We’ve been keeping our interns busy chasing stories around town. Elizabeth Johnstone, who has her bachelor’s degree at New York University, checked out Coca-Cola’s new fountain concept at a Wingstop in Garland. Check out her report after the jump, and then ask her about the time she chased down a purse snatcher.
I wasn’t expecting pomp, or circumstance. But I was expecting at least a small crowd of ooh-ers and ahh-ers over Coca-Cola’s space age drink-dispensing machine. But at the Wingstop on Northwest Highway in Garland, where the first of Dallas’ Coca-Cola Freestyle interactive soda fountains has landed, all I saw were a few hungry customers snarfing down a late lunch.
I missed out on the free hot wings (and apparently the “event” part of the event), Gene Farrell, vice president of Coca-Cola Freestyle, told me. But did I want to play with the machine? Hmm. Is the Pope Catholic? Is it hot enough outside right now to fry an egg on the hood of my car?
I turned around, and there it was standing alone against the opposite wall— tall, slim, sleek, a soda junkie’s wildest fantasy. I couldn’t decide if it looked more like Texas-sized, Coca-Cola colored iPad or a fancy washing machine. The iPad comparison is more flattering—one of the fountain’s industrial designers is a refuge from Apple, and the other designers make Ferraris. If that’s not a pedigree, I don’t know what is.

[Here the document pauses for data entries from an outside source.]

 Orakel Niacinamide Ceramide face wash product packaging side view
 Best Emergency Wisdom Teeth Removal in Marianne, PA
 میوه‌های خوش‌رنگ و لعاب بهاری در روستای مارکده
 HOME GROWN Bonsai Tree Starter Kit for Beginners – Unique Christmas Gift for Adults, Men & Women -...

This puppy has an ice dispenser, and…here’s where any comparison to the soda fountain you know comes to a syrupy sweet end. Customers choose their drink via an interactive touch screen of 106 options (the average fountain only has eight), and then push the big silver button that says PUSH. Duh, right? But I had trouble at first—I kept poking the icon on the screen until somebody took pity on me. Voila! Coke Orange, which is not available in stores, poured out. When I commented on the strong citrus smell, Farrell said proudly that all beverages and flavors come straight from concentrate for a perfect drink every time.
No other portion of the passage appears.